Ruth Gerson is an American singer and song writer.

A native of New York City, Ruth Gerson grew up on the Upper West Side, the daughter of Michael and Cheryl Gerson. She was a student at the High School of Performing Arts and studied Jewish existentialism at Princeton University, graduating magna cum laude.

She began a career as a self-supporting musician, performing her own booking, hiring musicians and doing her own promotion. Her 1997 album Fools and Kings was produced by veteran producer Don Dixon. She has opened for Dave Matthews, Hootie and the Blowfish, Suzanne Vega and Roger McGuinn, and performed at the Newport Folk Festival in 1994 and the New Orleans Jazz & Heritage Festival.
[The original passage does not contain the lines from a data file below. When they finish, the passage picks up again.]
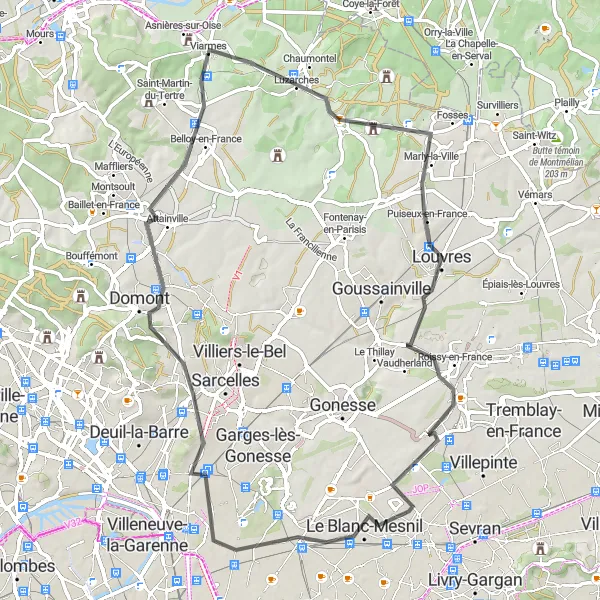 Miniature de la carte de l'inspiration cycliste "Parcours vers Viarmes et Luzarches" dans la Ile-de-France, France. Générée par le planificateur d'itinéraire cycliste Tarmacs.app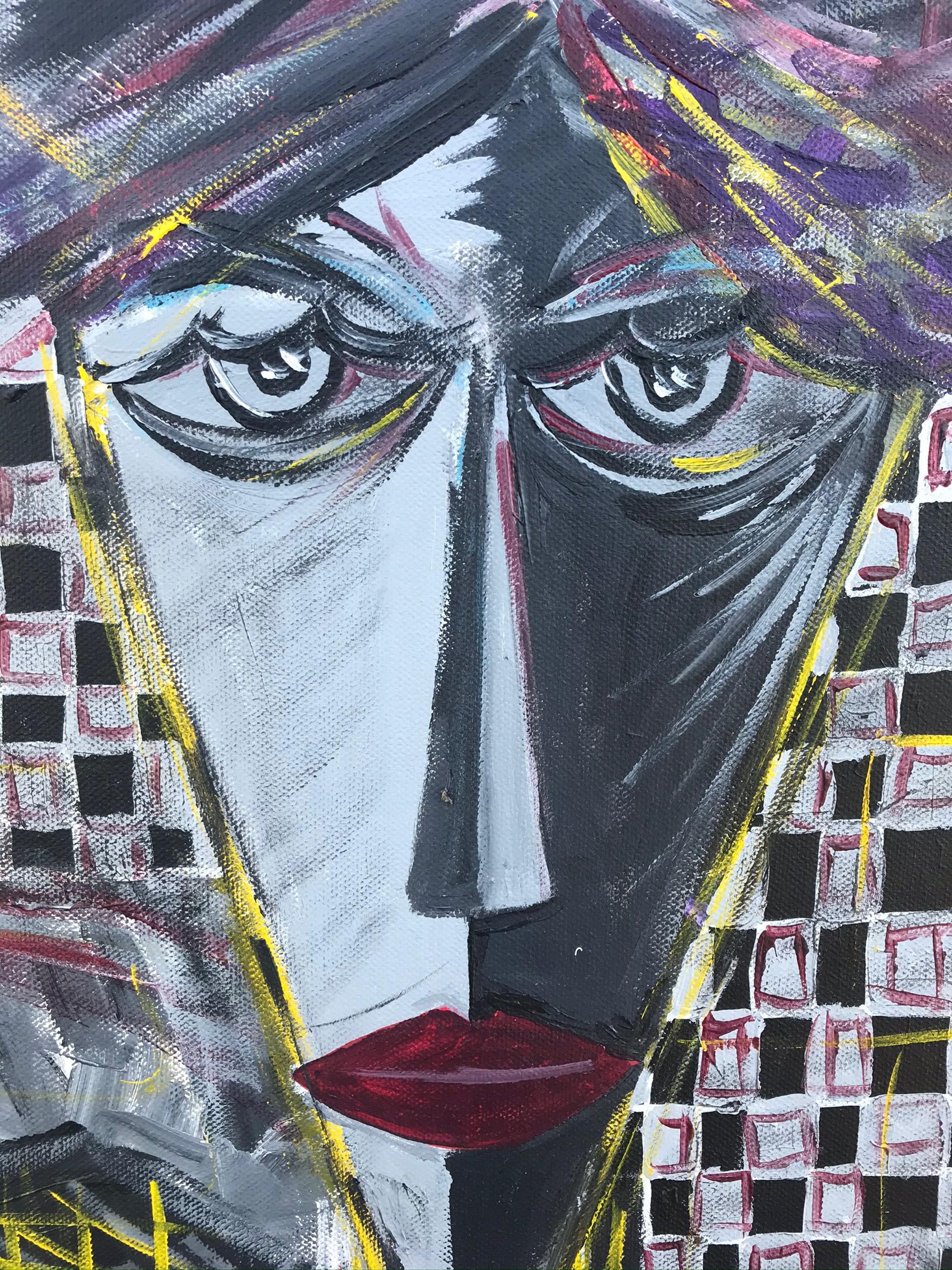 R. Poch    Gebrüder in Barcelona, blaues Original-Acrylgemälde (Grau), Abstract Painting, von Ramon Poch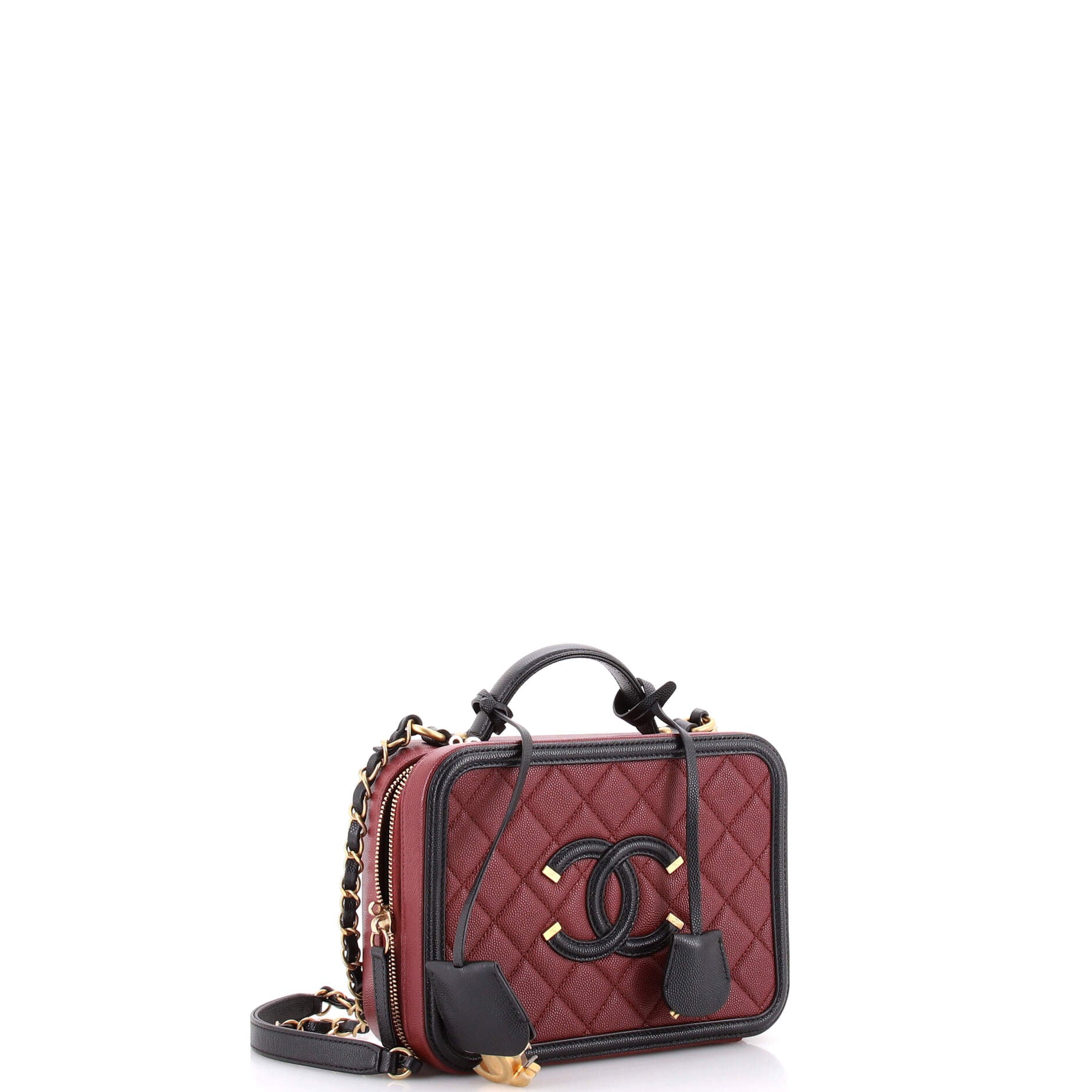Filigree Vanity Case Quilted Caviar Medium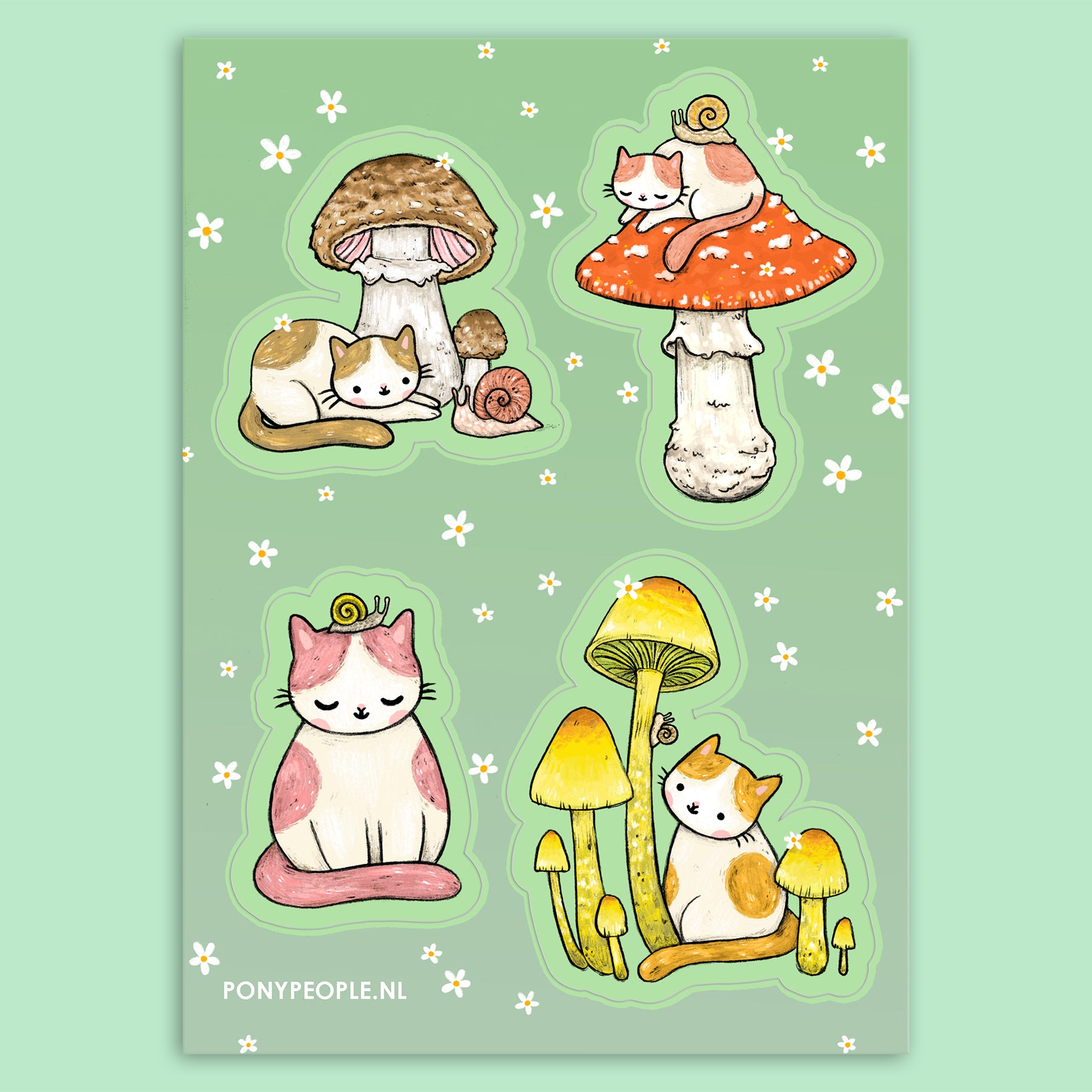 Cats and Snails Sticker Set
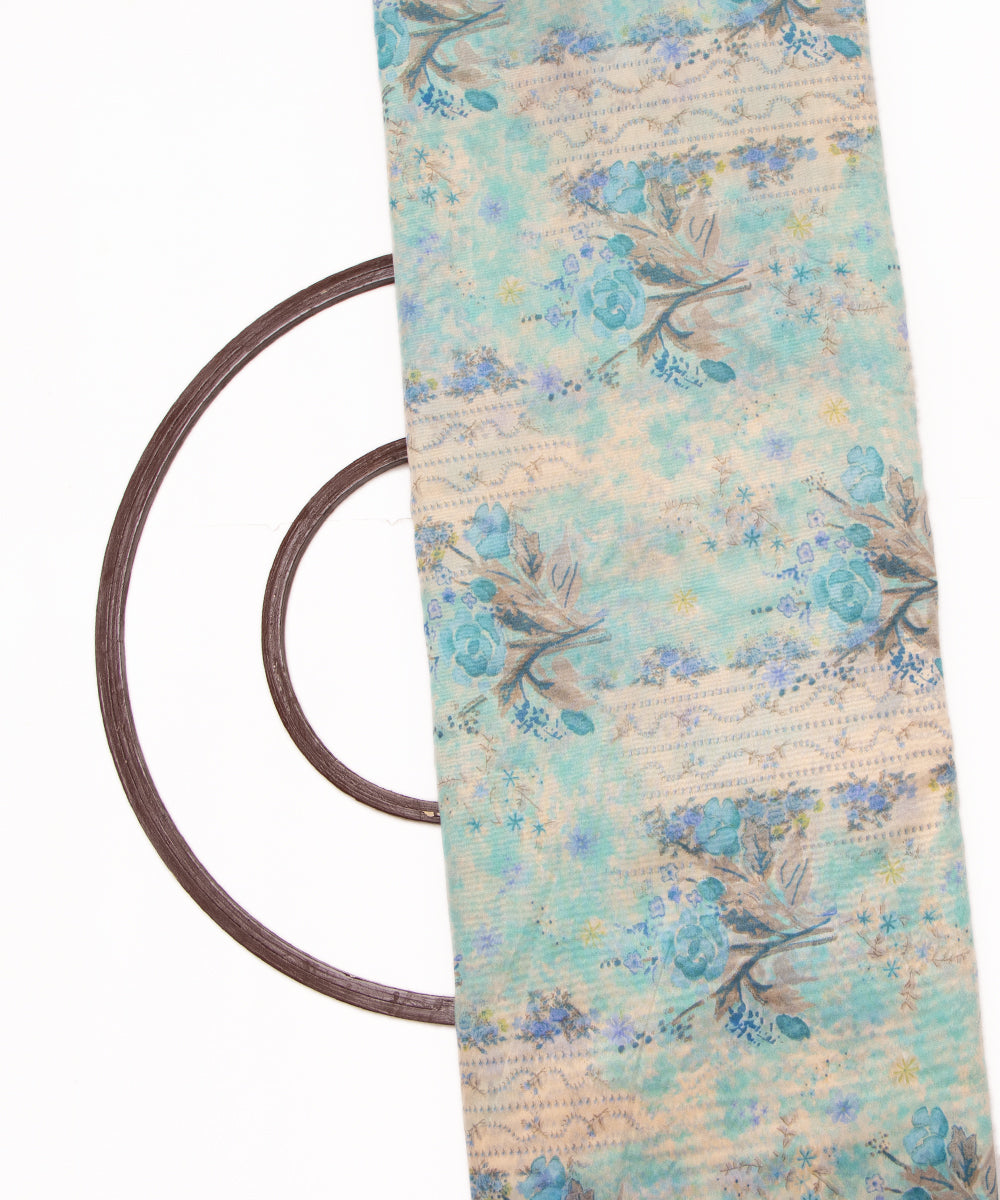 Sea Green Colour Floral Print Modal Chanderi Fabric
She also performed on Late Night with Conan O'Brien, and The Late Late Show with Craig Ferguson. In a reader's poll of Italy's largest music magazine Buscadero, she was named the second-best female vocalist of 1997, coming in behind Patti Smith.
In the same year, Ruth Gerson collaborated with the Italian singer Massimo Bubola as the female vocalist in the song "Mio Capitano" by Bubola himself.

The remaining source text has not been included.